Sunday, May 22, 2016

After you blow - lessons from Mount St. Helens

My husband has been listening to a book on CD about the eruption of Mount St. Helens in the early 1980's.   The mountain was distended over 300 feet - visibly changing shape before their eyes - and everyone hoped that nothing would happen.  They were monitoring it but sort of hoping that somehow this huge bulge wouldn't blow.  Do you have something like that in your life?  Are you way out of whack somewhere and everyone (including you) is ignoring it?  Hoping that somehow it will magically disappear?

But then it doesn't.  It blows up and kills people 17 miles away who were just camping!  So glad it blew up on Sunday and not during the work week.  What happens in the aftermath?  Some things are going to blow up - we watch them grow and there isn't much we can do to stop it.

On disk 5 the mountain actually erupted (in a way that shocked everyone except for a scientist named Voight - who is related to Jon Voight and Angeline Jolie - no lie).  My husband filled me in on the battle to make a reservation of sorts.  They decided to let the mountain heal and to watch what happens as it does so.  Do you need space and time to heal after trauma?  Probably.  No one puts out a reservation sign for you - but maybe you should allow yourself that space and time.

Today we finished the last disk and it discussed the ways that scientists tried to predict and help the area "recover" after the devastation.  The hypothesis was that the scarred mountain would begin to regrow from the edges inward.  They also thought that they would "help" the process along by re-seeding it.  Finally, they tried to remove some of the devastation (fallen logs and such) so that it would be easier for life to start again.

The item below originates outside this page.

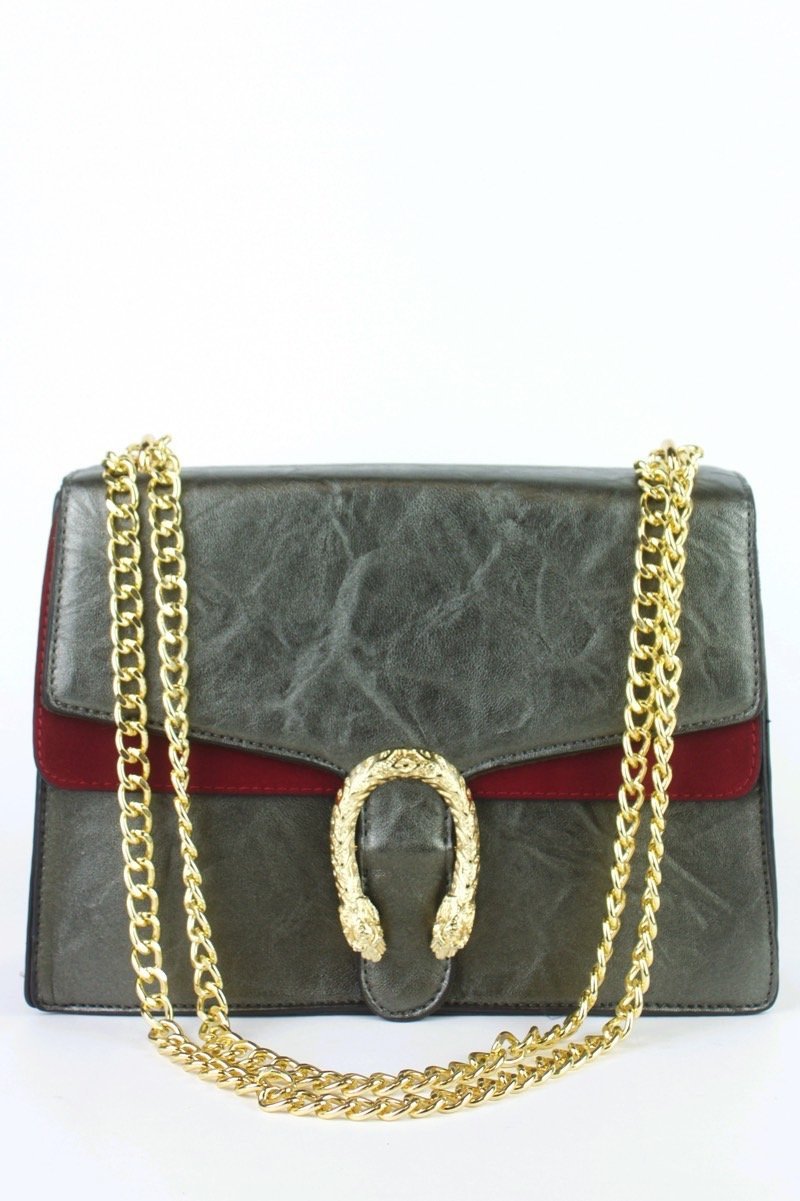 Natasha Grey Emblem Shoulder Bag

Scientists were wrong on all accounts. 

Mount St. Helens is now more biodiverse than it was before the eruption.  Why?  Because new plants blew in, took root in the rocky and craggy places, held on and life began again.  Some of those plants have survived while some of them just died and became fodder for the next group of plants and animals to take up residence.  New animals arrived on the scene too. But life didn't start on the fringes and move its way in.  Instead the pumice plain grew life in ways they didn't even think were possible and attracted totally new species altogether,  Looking from above the canopy looks pretty much the same, but on the forest floor there are all types of new and different life as a result of the eruption.

Isn't that funny? After a devastating event, new life grew up in places of bareness.  Isn't that just like God. To bring life where it doesn't even seem possible.  Not only that - but more diverse, fuller life. Of course, this happens over time, it is not a quick fix.

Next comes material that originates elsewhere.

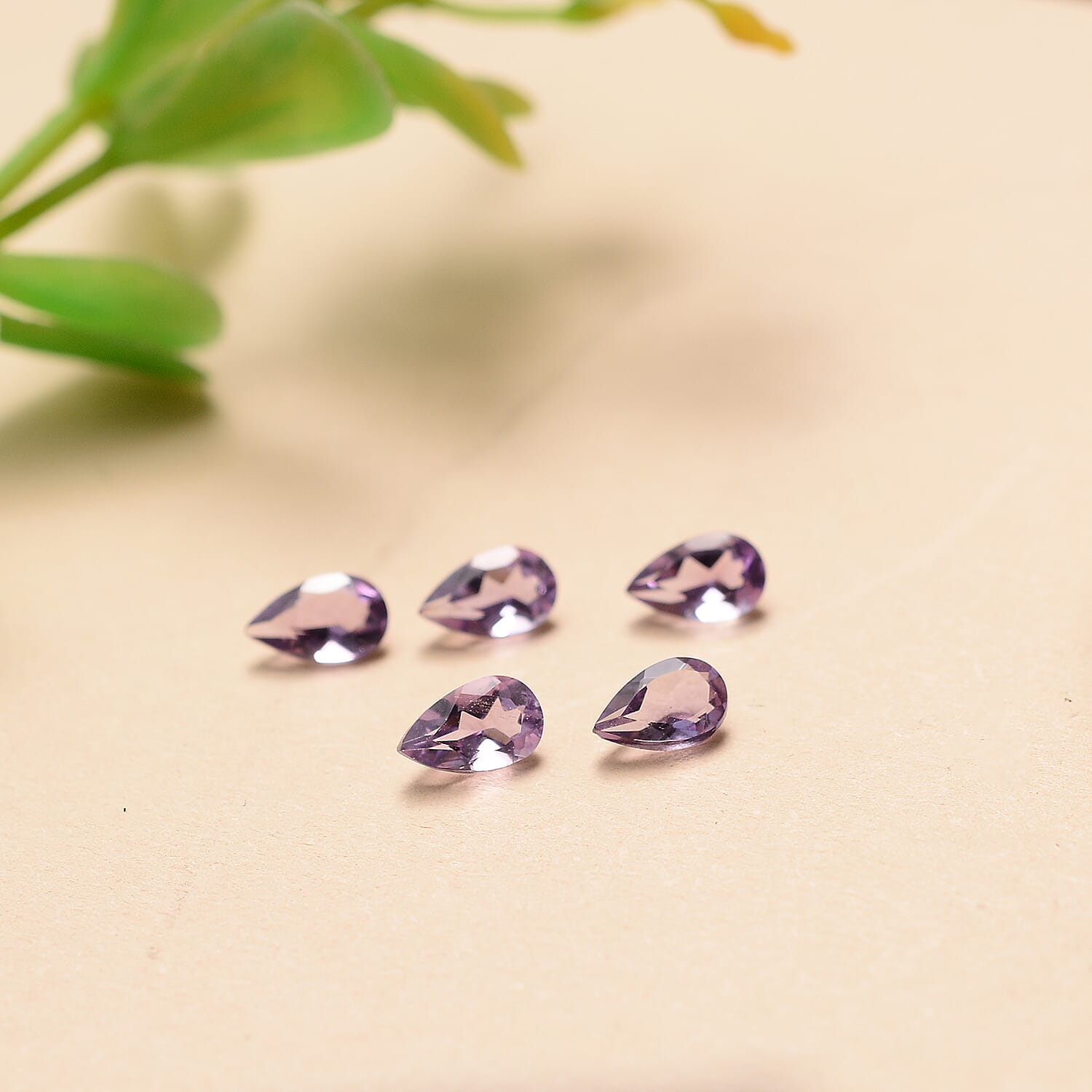 Set Of 5 Pink Amethyst Pear 5X3 mm Gemstone, 0.94 Ct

Scientists were looking to help mother nature be re-seeding the area with grasses. So, they flew planes over the area and dropped seeds.  Well, they picked the wrong time of year and the seeds didn't take.  Not only that, they all washed down the mountain towards the stream.  Near a water source they started growing like gangbusters.  This in turn spurred on a bumper crop of mice.  However, when the grasses died out - the mice started starving - so they started eating the bark of the newly growing trees and damaged them.

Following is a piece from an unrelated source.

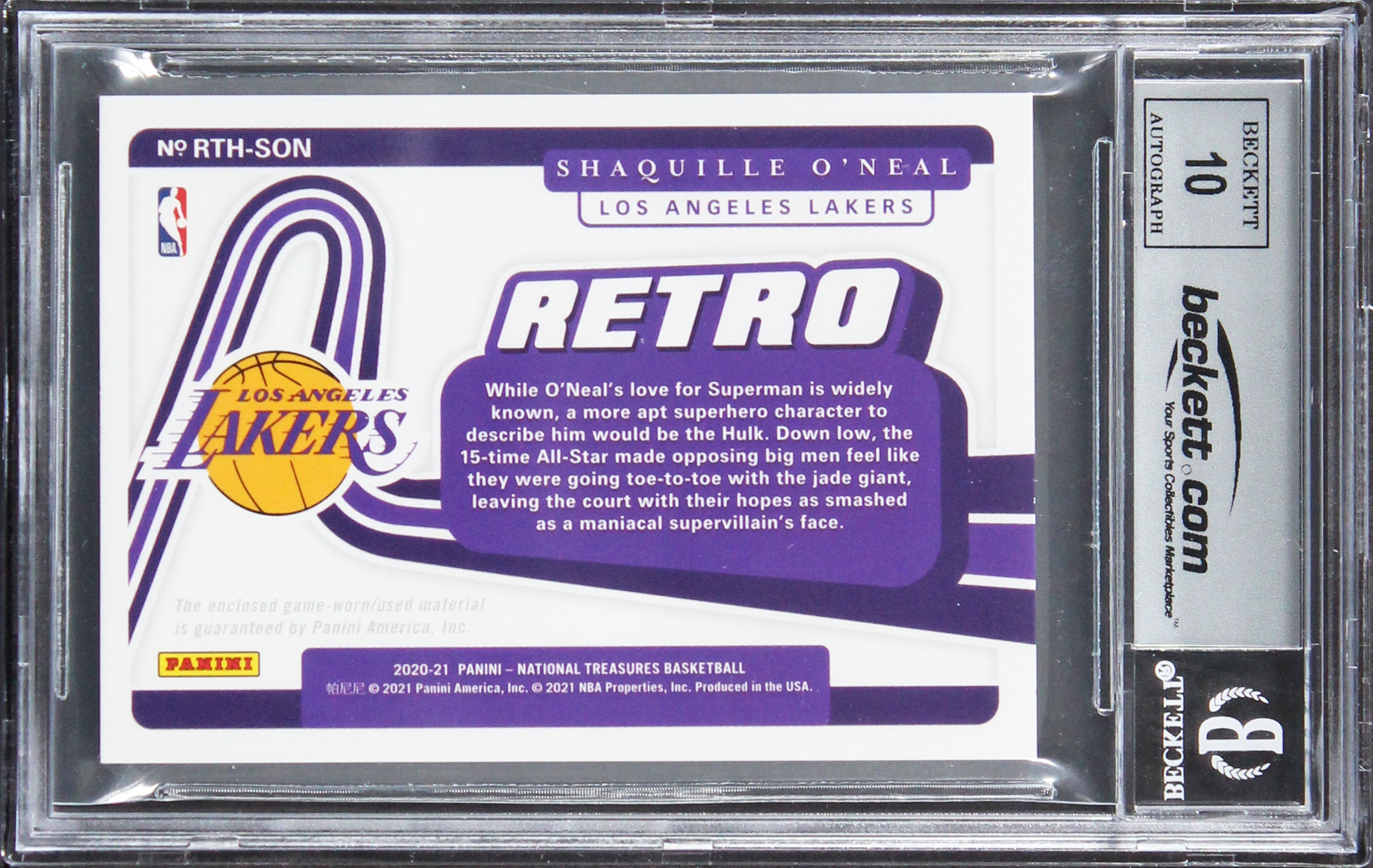 Shaquille O'Neal Signed 2020 Panini NT Retro Mat #28 45/99 Card Auto 10 BAS Slab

It makes logical sense that if we could just "replant' the old, what used to go there, that maybe it would help.  But that's not really helpful in the end.  It washes downstream and makes a big mess of things and can undercut the natural growth that is happening.

The final way to "help" was to remove the debris and wreckage.  This sounds like a good plan - create a clean slate and move forward.   However, today, the places that are growing best are the areas where the debris was allowed to remain. Why?  The rotting logs provided food for the next type of vegetation to grow.  The places that they cleared out took longer to grow back because the debris served a purpose the scientists hadn't thought about.

Take heart, if you still see debris in your life - whether from an overwhelming event like an eruption or just the gradual wearing away - let it rot and see what happens.  Let go of it and see what springs up in place of it.

Some lessons from the mountain: 

Admit to yourself that something has happened.  Eruption or otherwise - you will need time and space to heal.  Give it to yourself and ask others to do the same.

Expect new life to spring up in places you wouldn't expect.  From people you wouldn't think could bring life.  Possibly from places you've never been or seen before. (New spider species appeared from over 60 miles away)!  It won't come from the outside in - it will come from the craggy, hard places out.

Don't try to re-seed and create "quick fixes" with old ways, habits, patterns, ideas or thoughts.  Going back to those ways or quickly adopting someone else's plan isn't going to move you forward.  It will gnaw at and undermine the new growth that is springing up.

Finally, sometimes it takes time for things to rot in your life.  Man that stinks.  However, it provides the nutrients and fodder for the new to come forth.  Sometimes we do need to just clear out the debris but sometimes it is there for a purpose - it can actually help us to heal in ways we wouldn't expect.

No one wants to erupt - but sometimes life doesn't go the way we planned.  It gets messy.  Sickness, death, divorce, broken relationships.  They happen. Let's give each other space, grace and care when the eruption does happen.  It is not something that can be fixed over night but over time it can bring growth, diversity, and healing in ways you would never have expected.

In the end Mount St. Helens will take over 2,000 years (or more) to regain its former "profile".  Once the eruption happens there is no going back.  There is only going through.  May He be enough as you go through.